• [What you have to do] In the material below, find the line with "Panther Ridge RV" and the line with "Nursing Care Plan". Output exactly those two lines and all lines between them, leaving out pictures.

• [Material provided]
........

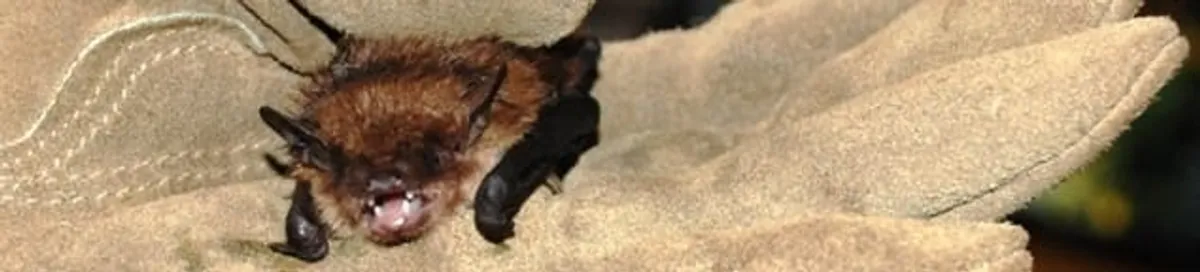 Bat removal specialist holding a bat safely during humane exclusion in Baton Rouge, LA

........

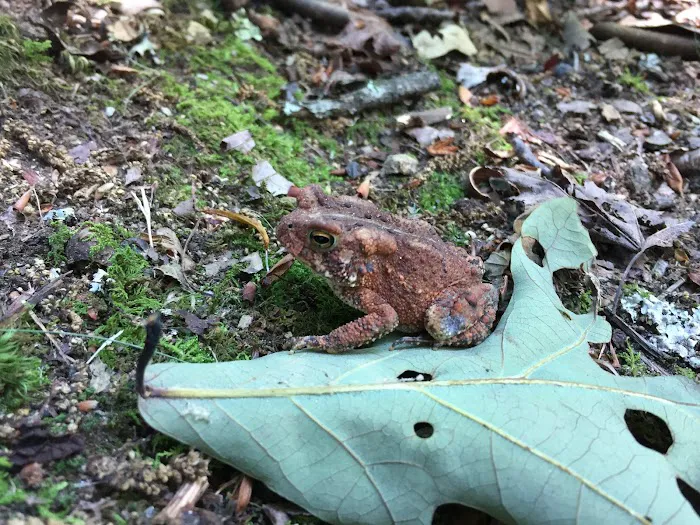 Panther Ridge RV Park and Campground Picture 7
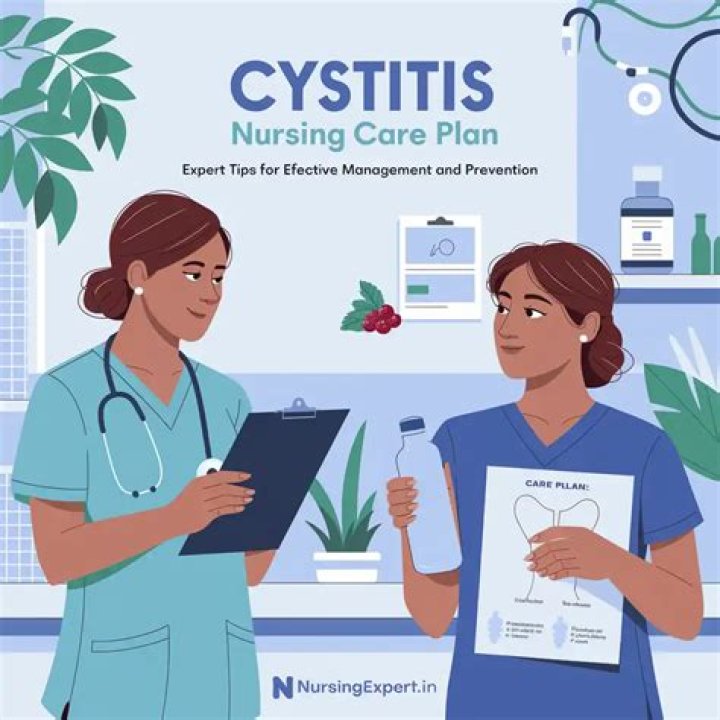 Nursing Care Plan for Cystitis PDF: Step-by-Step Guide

........

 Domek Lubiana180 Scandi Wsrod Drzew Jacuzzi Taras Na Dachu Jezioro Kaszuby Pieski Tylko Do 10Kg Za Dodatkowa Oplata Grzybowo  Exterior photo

........

• [Answer below]
 Panther Ridge RV Park and Campground Picture 7
 Nursing Care Plan for Cystitis PDF: Step-by-Step Guide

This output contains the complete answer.